Start of Available data

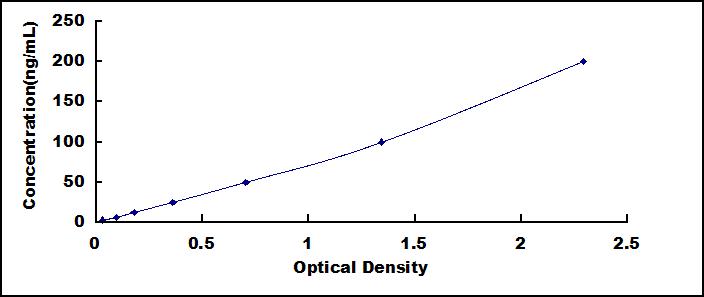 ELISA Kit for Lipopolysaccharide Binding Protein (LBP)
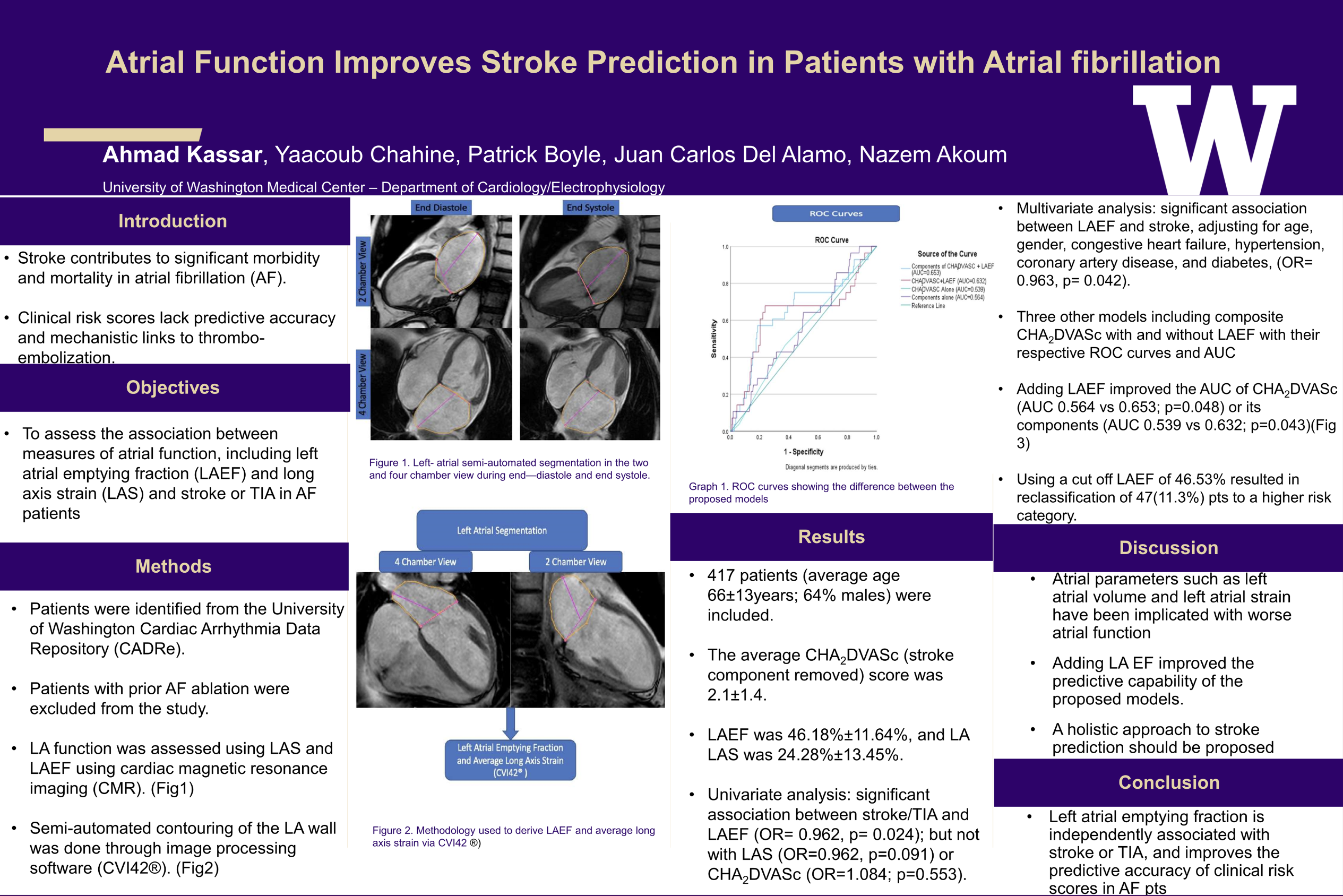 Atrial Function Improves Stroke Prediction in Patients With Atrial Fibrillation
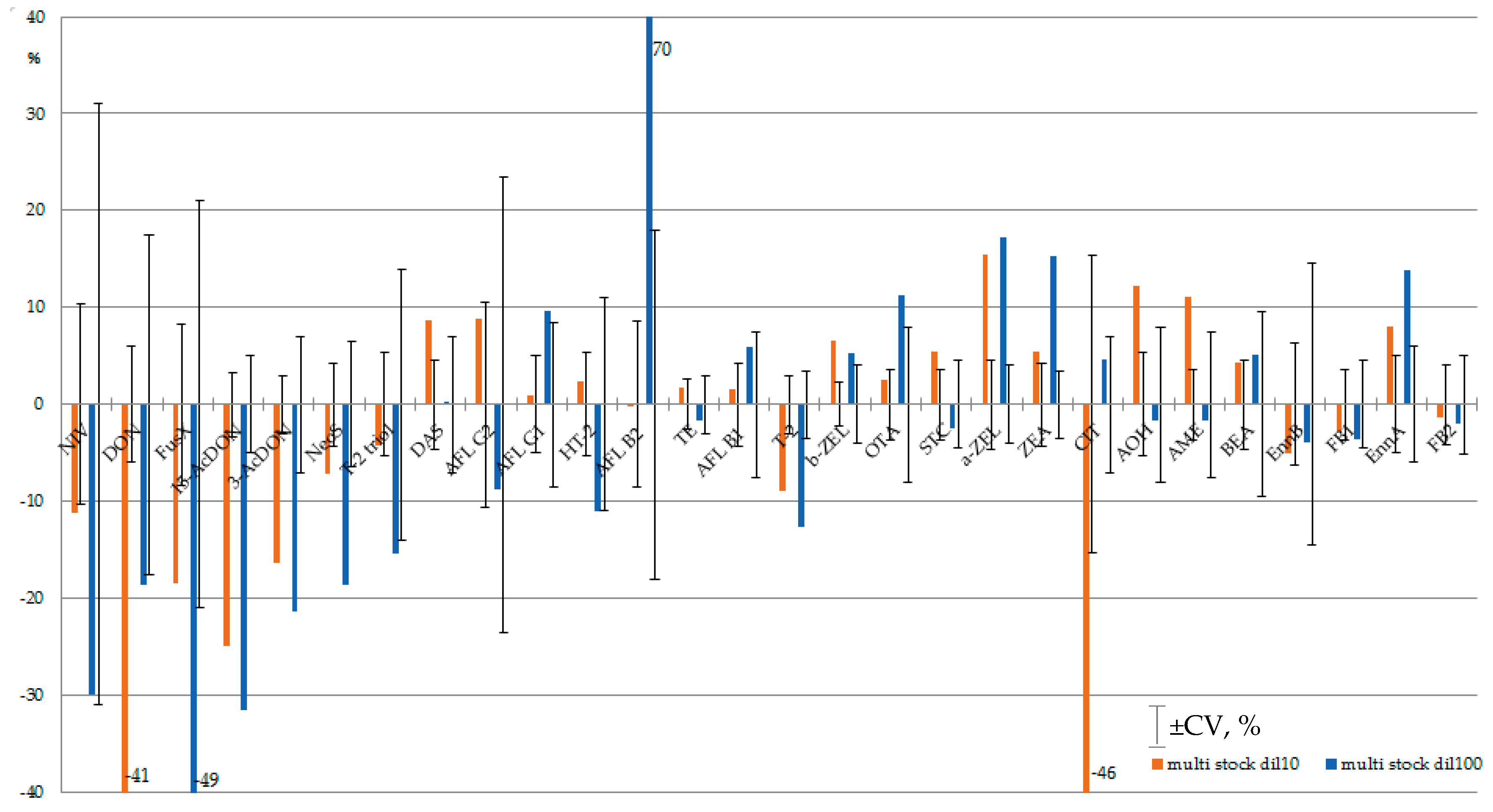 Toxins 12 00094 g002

End of Available data

» **Assignment**: Leave out the images and repeat the rest of the data word for word.

» **Response**:
 ELISA Kit for Lipopolysaccharide Binding Protein (LBP)
 Atrial Function Improves Stroke Prediction in Patients With Atrial Fibrillation
 Toxins 12 00094 g002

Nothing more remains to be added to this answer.